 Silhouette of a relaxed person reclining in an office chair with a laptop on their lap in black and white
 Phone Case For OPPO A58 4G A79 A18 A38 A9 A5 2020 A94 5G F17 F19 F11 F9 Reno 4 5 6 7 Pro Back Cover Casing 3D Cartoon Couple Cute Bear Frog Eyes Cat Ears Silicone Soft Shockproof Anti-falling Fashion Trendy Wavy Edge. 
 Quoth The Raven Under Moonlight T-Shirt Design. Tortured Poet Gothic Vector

+-------+

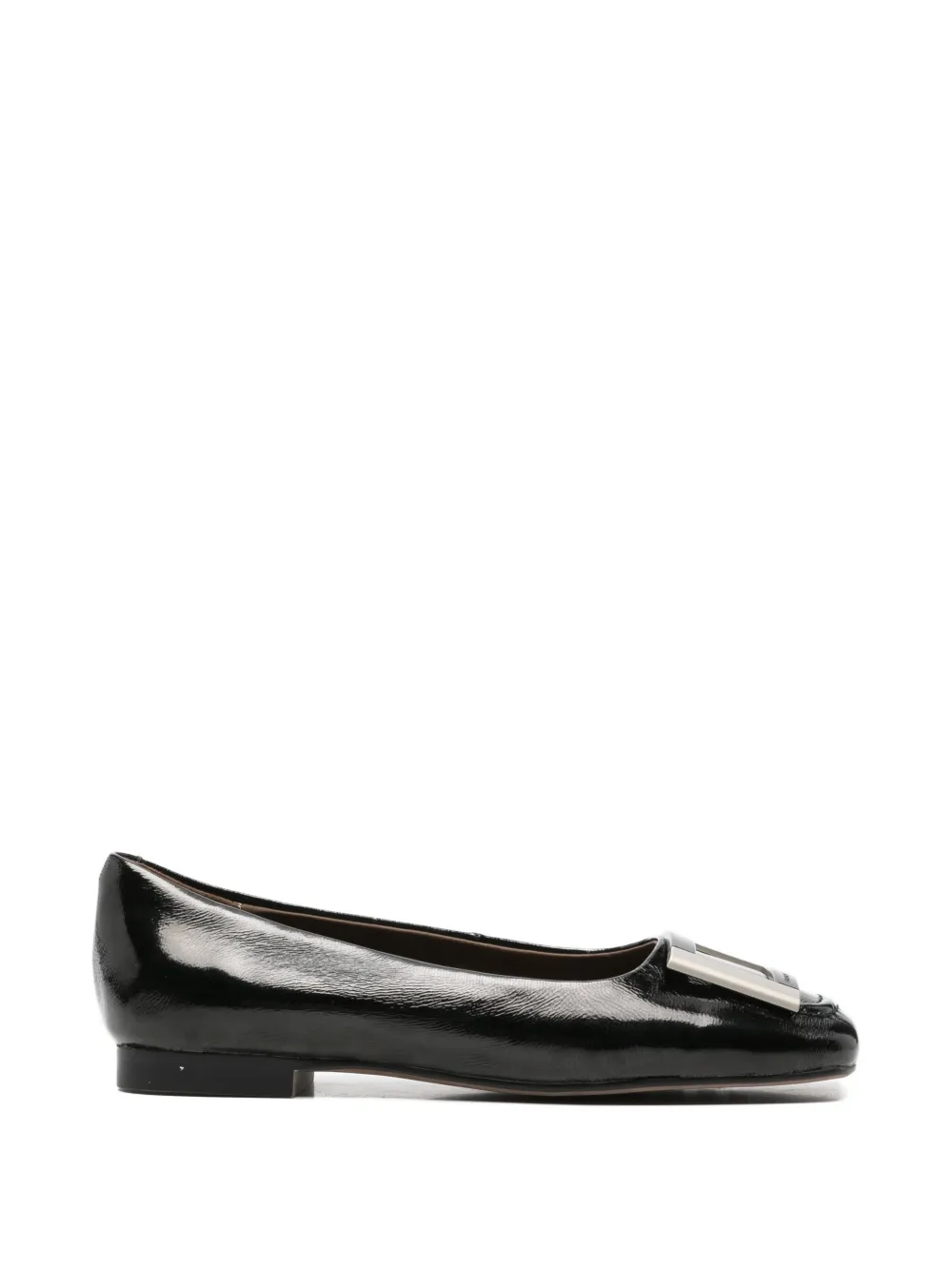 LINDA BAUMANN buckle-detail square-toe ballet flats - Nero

+-------+

▶ Instructions to follow:
Exact duplication is required for the lines above, from the line that contains "Silhouette of a" to the line that contains "Quoth The Raven", inclusive; omit all others.

▶ Answer to this exercise:
 Silhouette of a relaxed person reclining in an office chair with a laptop on their lap in black and white
 Phone Case For OPPO A58 4G A79 A18 A38 A9 A5 2020 A94 5G F17 F19 F11 F9 Reno 4 5 6 7 Pro Back Cover Casing 3D Cartoon Couple Cute Bear Frog Eyes Cat Ears Silicone Soft Shockproof Anti-falling Fashion Trendy Wavy Edge. 
 Quoth The Raven Under Moonlight T-Shirt Design. Tortured Poet Gothic Vector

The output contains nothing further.